Since attending the Easy Money course, our cohort have reported how much more confident they feel about benefits and managing their money in general. The young member who almost got run over is now volunteering with our remaining groups to help pass on what he has learnt. He has become a role model and is often overheard talking positively to other members about money and the importance of savings.

Working with local financial capability partners have helped members make practical steps to resolve benefits issues. One partner has been able to provide free benefits application support, which has been a valuable resource for our members.

In addition to the workshops, Liz (our personal development co-ordinator) has been working one-to-one with members who have gone through the course to encourage positive behaviours and exploring consequences of financial decisions with members.

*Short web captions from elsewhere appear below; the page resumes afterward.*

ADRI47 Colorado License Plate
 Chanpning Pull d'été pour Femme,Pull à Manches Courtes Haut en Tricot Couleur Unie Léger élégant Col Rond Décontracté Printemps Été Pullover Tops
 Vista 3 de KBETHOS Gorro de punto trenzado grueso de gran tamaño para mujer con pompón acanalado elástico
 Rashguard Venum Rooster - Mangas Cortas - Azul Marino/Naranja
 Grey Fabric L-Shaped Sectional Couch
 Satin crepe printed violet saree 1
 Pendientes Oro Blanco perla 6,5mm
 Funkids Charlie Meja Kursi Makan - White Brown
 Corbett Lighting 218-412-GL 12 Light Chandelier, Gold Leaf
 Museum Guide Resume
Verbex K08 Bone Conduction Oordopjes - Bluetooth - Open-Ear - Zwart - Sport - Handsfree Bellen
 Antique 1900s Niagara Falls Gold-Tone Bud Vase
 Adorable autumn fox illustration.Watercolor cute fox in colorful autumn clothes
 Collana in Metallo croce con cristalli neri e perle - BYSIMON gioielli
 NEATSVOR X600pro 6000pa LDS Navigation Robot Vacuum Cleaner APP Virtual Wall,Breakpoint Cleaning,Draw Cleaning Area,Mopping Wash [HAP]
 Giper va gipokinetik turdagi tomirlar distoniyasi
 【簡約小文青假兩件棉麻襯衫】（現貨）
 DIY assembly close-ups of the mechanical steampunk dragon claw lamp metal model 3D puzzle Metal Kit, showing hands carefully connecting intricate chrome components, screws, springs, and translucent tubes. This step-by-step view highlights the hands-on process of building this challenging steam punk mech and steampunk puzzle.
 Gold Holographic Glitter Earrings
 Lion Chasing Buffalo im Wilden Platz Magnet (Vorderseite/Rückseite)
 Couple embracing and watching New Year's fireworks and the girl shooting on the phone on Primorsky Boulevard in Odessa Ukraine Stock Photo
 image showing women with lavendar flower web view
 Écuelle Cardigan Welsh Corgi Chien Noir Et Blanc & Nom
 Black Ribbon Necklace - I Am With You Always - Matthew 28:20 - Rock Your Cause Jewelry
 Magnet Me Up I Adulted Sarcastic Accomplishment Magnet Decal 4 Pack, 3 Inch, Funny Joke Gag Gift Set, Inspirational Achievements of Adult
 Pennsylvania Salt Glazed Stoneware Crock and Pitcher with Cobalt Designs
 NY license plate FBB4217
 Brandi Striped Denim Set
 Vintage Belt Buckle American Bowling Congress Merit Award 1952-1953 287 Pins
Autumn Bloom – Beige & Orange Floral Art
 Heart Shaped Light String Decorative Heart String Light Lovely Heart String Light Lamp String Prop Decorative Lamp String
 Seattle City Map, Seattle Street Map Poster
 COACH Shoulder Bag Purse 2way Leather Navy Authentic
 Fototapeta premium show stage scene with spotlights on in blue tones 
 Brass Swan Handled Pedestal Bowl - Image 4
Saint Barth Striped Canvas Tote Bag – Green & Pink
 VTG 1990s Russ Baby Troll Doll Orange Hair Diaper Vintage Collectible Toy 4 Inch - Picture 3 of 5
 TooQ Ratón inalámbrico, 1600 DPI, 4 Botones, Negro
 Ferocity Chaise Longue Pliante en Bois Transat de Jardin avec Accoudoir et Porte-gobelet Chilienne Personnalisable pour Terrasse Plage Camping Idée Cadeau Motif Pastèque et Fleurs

Through the Easy Money course, we aimed to help improve the economic wellbeing of members and their immediate health and wellbeing, by reducing the negative consequences of poverty (not having enough money to eat properly or heat their home, worrying about debts etc.). What we’ve observed so far, is that this increased confidence about managing money, is having a much wider impact on their lives as a whole!

Benefits for the wider sector

Easy Money workshop resources and Easy Read materials will be made freely available to other organisations at the end of the project, summer 2018. We will also be sharing project learning to help other agencies who are seeking to do similar work with this target group. Resources will be made accessible via Wiseradviser.